So I’m not sure I’m going to give him the book that came along with it. He may have a stroke.
The Pocket Guide to Mischief was written by a junior high school teacher, a revelation that should surprise no one, as the book is filled with anecdotes and snappy comebacks that an eleven year old would most certainly run around and use on all who have the misfortune of crossing his path.
I am married to a mischief-maker myself, by the way, a man who repaid an office debt of twenty dollars by sending his nemesis a quarter every day through inter-office mail. A man who took all the pencils of the same (very short) nemesis and stuck them in the porous office ceiling so they tauntingly hovered over his head all day. A man who, when in the army, surreptitiously booby-trapped a training area that his COs had already booby-trapped, causing his superior officers to set off all kinds of unexpected, startling explosions. So I consider myself a bit of a connoisseur.
This is a book for beginning mischief makers, and true to his junior high school teacher roots, King has to first urge his readers not to get carried away and do stupid things, like hurt someone or themselves.

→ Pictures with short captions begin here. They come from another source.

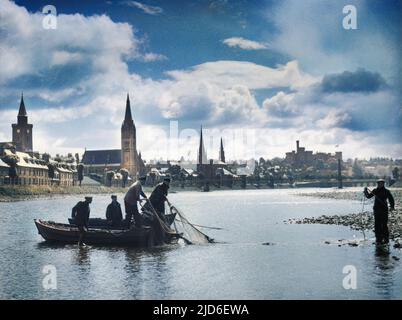 Pêcheurs écossais de saumon pêchant dans la Friars Shot Pool de la rivière Ness. En arrière-plan se trouve la ville d'Inverness avec son château, Inverness-shire, Écosse. Version colorisée de : 10161556 Date: 1950s Banque D'Images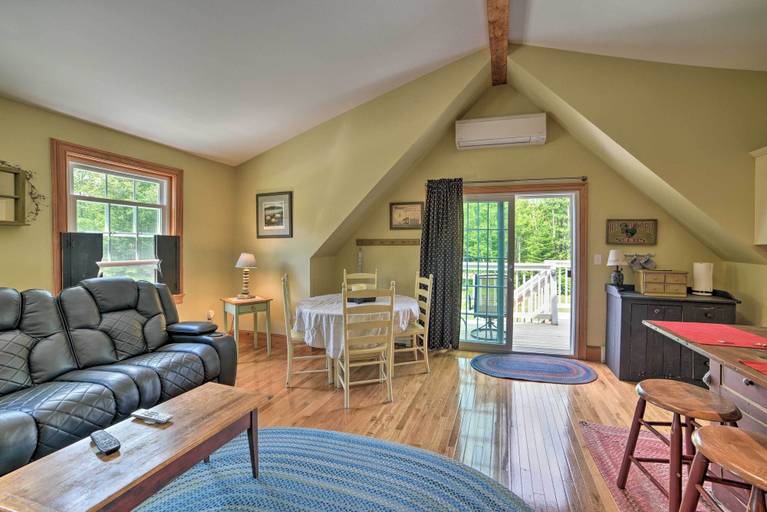 Others 5, Standish Apartment W/deck - 2 Mi to Sebago Lake!, Cumberland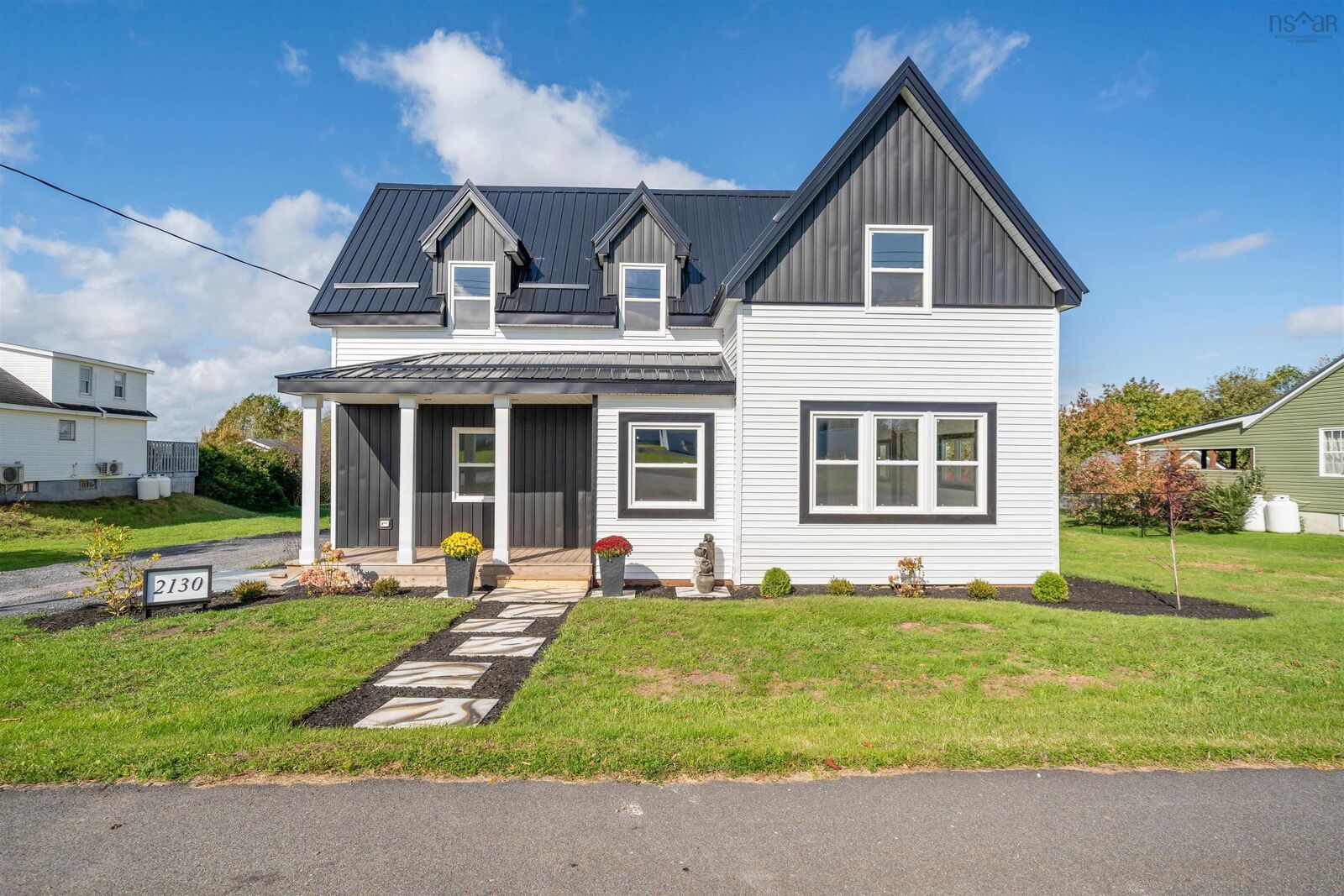 Property Photo:  2130 South Main Street  NS B0K 2A0 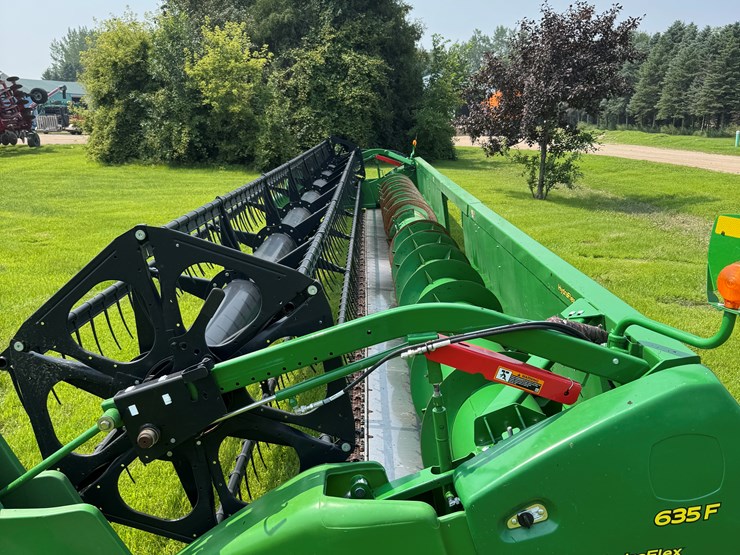 2019-john-deere-635f-image-3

Then he delves into the nuts and bolts of mischief-making, the first rule of which is to acquire a nemesis to bear the brunt of out all these new-found skills, some of which include wedgies and tp-ing someone’s house, which is apparently illegal in some areas of the country, so watch out. The Pocket Guide to Mischief also pays homage to mischief makers of the past, like the Yale students who conned the Harvard students into holding up placards that said “We Suck” at a football game.
Mostly, though, the book just teaches you how to be goofy, and I’m not sure junior high school boys need lessons on that.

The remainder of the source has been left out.